Michigan Biden electors sue false Trump slate, seeking declaration plot was illegal

LANSING, Mich. — Three of Michigan's presidential electors who cast votes for Democrat Joe Biden in 2020 filed a lawsuit this week against a group of 16 Republicans who submitted official documents falsely claiming Donald Trump had won the state.

The filing in Kent County Circuit Court added to the potential legal troubles for the slate of GOP electors who signed a certificate that attempted to direct the state's 16 electoral votes to Trump after the Republican president had lost Michigan by 154,000 votes, or 3 percentage points, in the certified results.

The three Democratic electors — Blake Mazurek of Kent County, Robin Smith of Ingham County and Timothy Smith and Ottawa County — are seeking damages amounting to at least $25,000 and a declaration from a judge that the "fake elector scheme was illegal under Michigan law."

"Plaintiffs suffered humiliation, mental anguish and stress as a result of being cast in the false light created by defendants' election fraud and lies," the new lawsuit, filed Wednesday, said.

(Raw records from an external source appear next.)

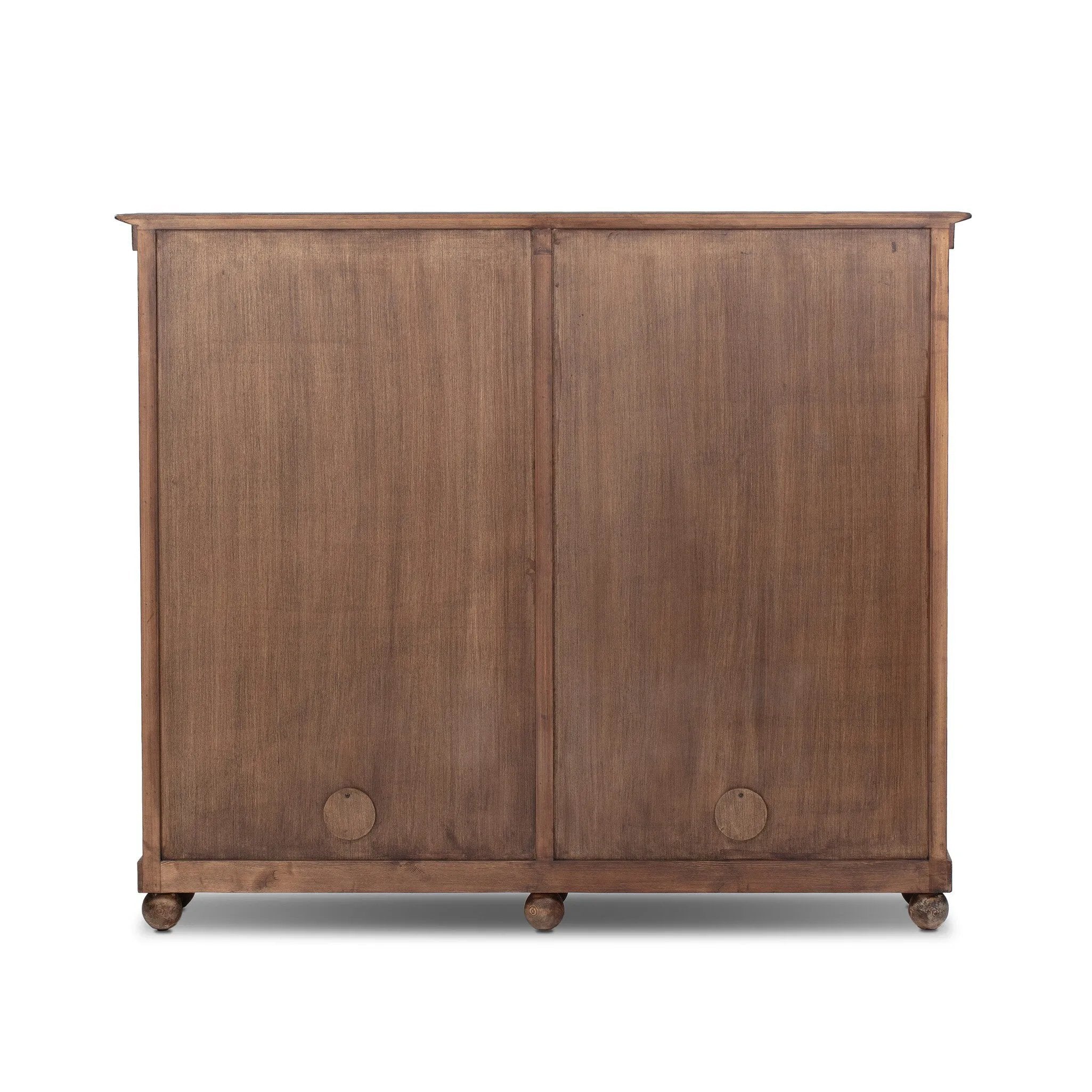 Taking after an antique from China, this inspired cabinet features overlapping double doors and rounded accents. Crafted from solid pine and veneers in a distressed finish for a rustic look Amethyst Home provides interior design, new home construction design consulting, vintage area rugs, and lighting in the Austin metro area.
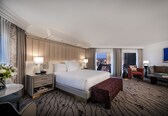 A hotel room with a large bed, a desk with a lamp, a seating area with a sofa and armchair, and a view of the city through the window.
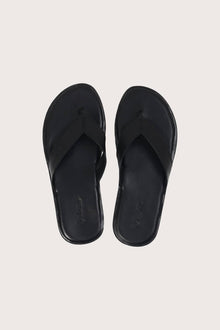 Paros leather sandals in nero shown in a global view highlighting their full silhouette and refined resort design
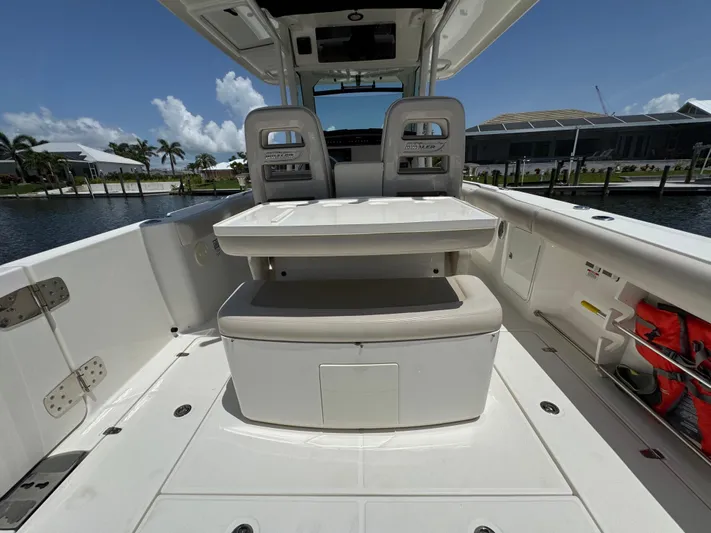  Yacht Photos Pics 2018 Boston Whaler 330 Outrage boat interior with seating and storage, docked by palm trees.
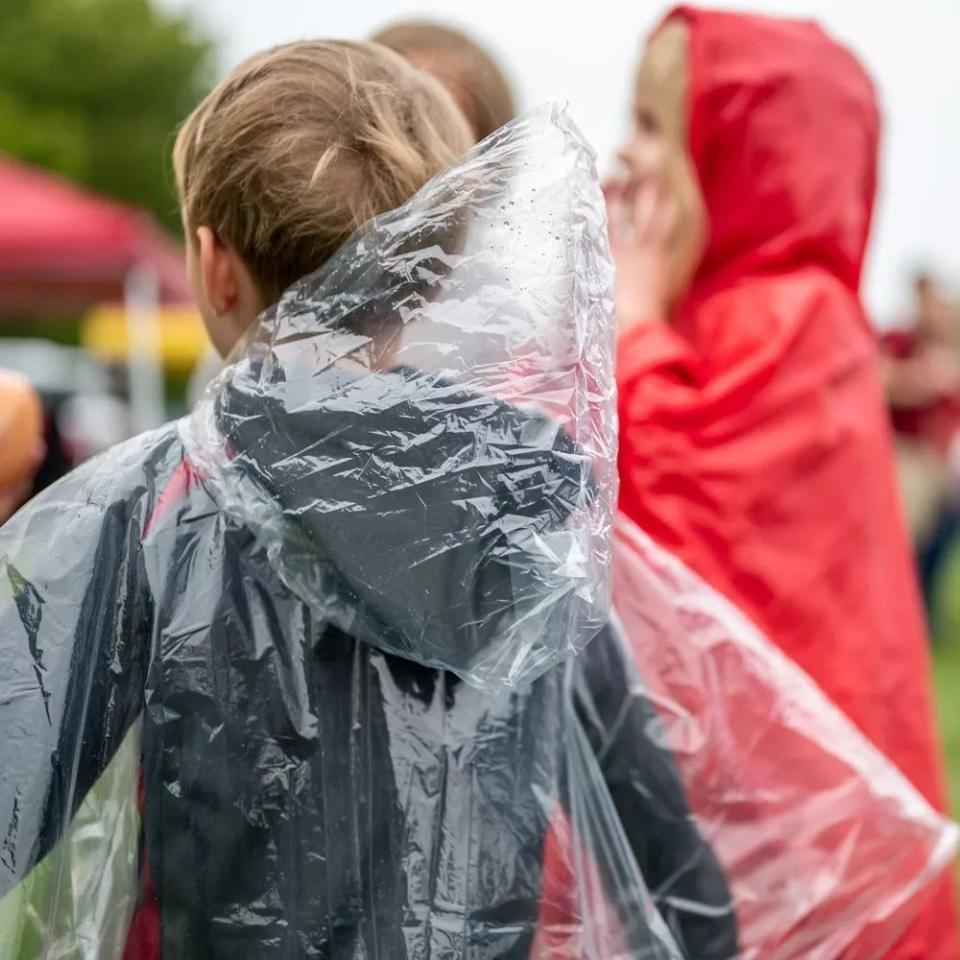 a child in a poncho at an outdoor event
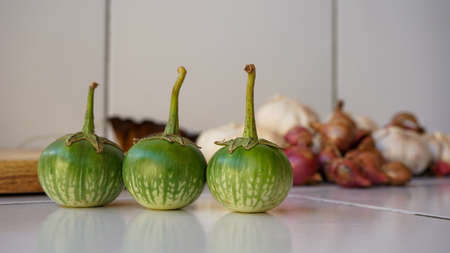 Close up of small green eggplant on the tableの写真素材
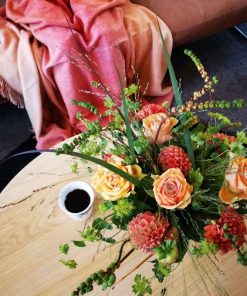 Buket i orange farver set oppefra på bord med kaffekop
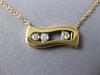 ESTATE .17CT DIAMOND 18KT WHITE & ROSE GOLD 3 STONE ETOILE FLOATING LOVE PENDANT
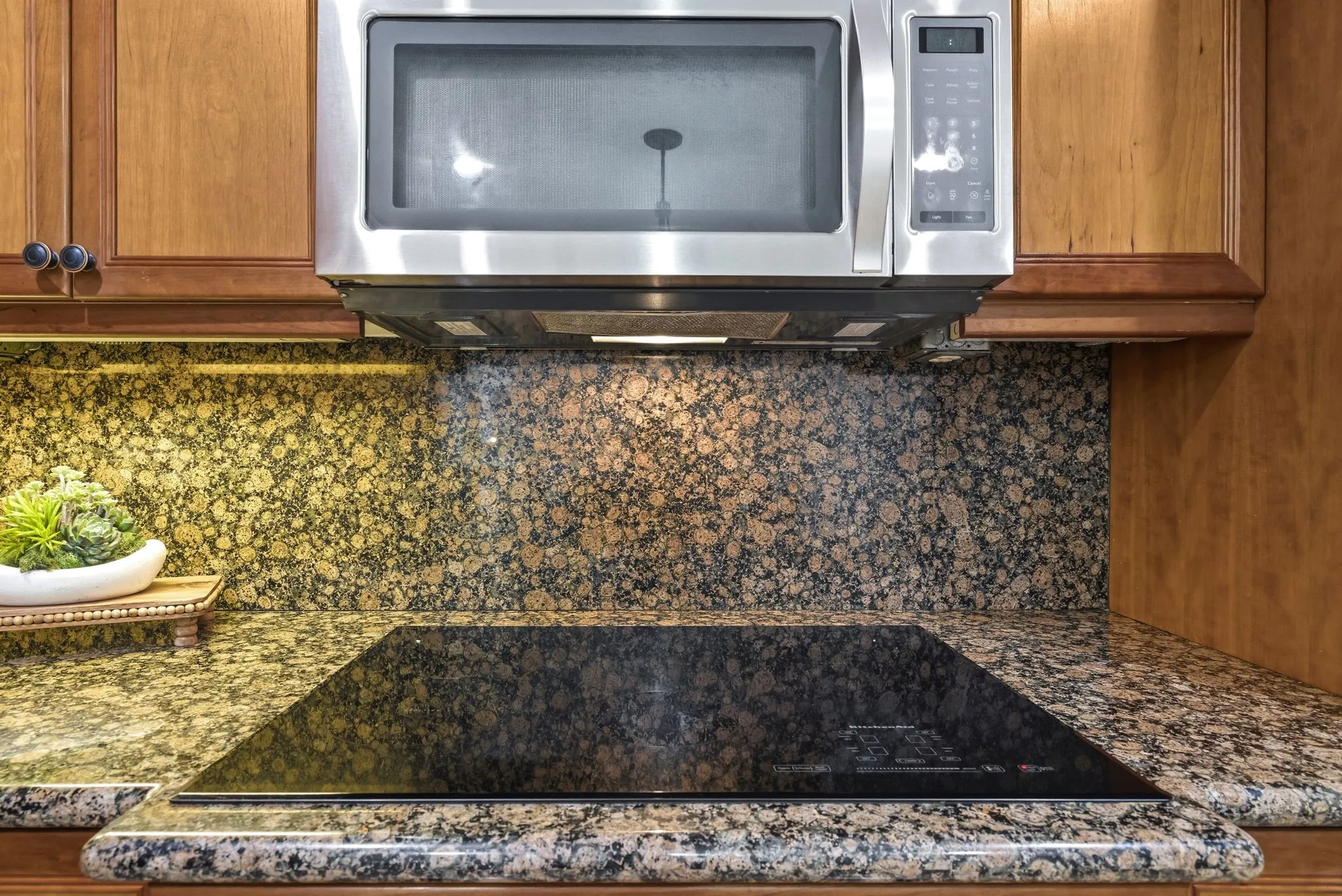 Stainless steel microwave over a flush-mounted black glass cooktop
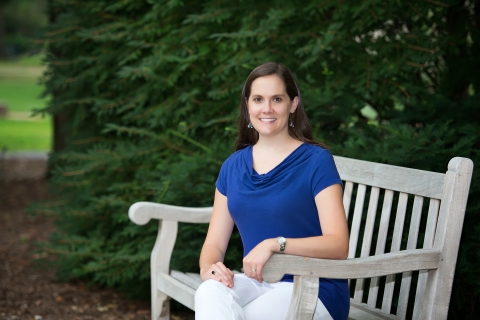 Professor Lara Dick sits on a bench outside.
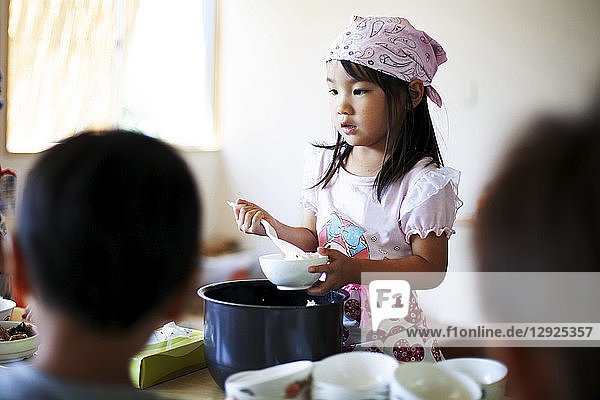 Girl wearing headscarf standing at a table in a Japanese preschool  serving lunch to children.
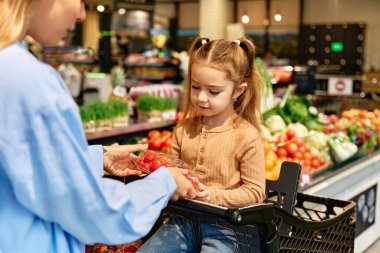 Alışveriş arabasındaki gülümseyen kız taze sebze reyonunda annesi tarafından verilen vişneli domateslere bakıyor. Tatlı günlük ebeveynlik anı.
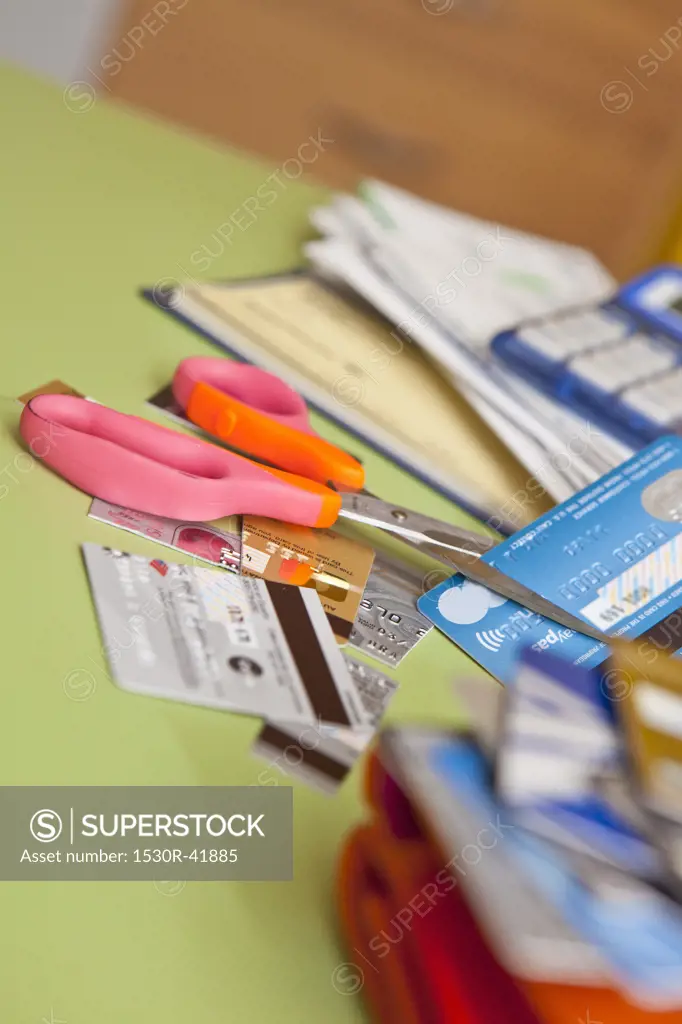 Scissors cutting up credit cards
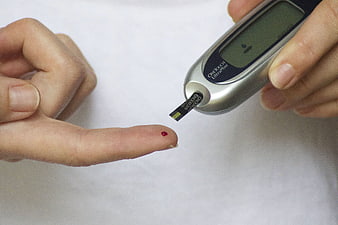 Close-up of blood glucose test with finger prick and meter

The lawsuit came five days after Democratic Michigan Attorney General Dana Nessel announced she was reopening her office's investigation into the Republican electors.

Nessel previously referred the matter to federal prosecutors. But she cited new documents released by a U.S. House committee and said there was "clear evidence to support charges" against the group of Republicans who signed a document that was submitted to the National Archives and was intended to help Trump supporters challenge his loss to Biden.

"I think that type of activity can't go without any consequences," Nessel said.

Republicans have accused Nessel of playing politics with the electors investigation. And some of the GOP electors have said they didn't know what they were signing when they met in the basement of state Republican Party headquarters on Dec. 14, 2020. The Republican convening came the same day the state's true electors were gathering in the state Capitol.

One Republican elector, Michele Lundgren of Detroit, has said she thought she was merely putting her name on a sign-in sheet.

But the new lawsuit contended the Republicans' "scheme attempted to subvert the sacred right of qualified voters in Michigan, enshrined in the state Constitution, to have their votes counted."

The GOP electors violated multiple criminal laws, including state laws against election law forgery and obstructing or attempting to obstruct "any elector in the exercise" of their duties, according to the Democratic suit.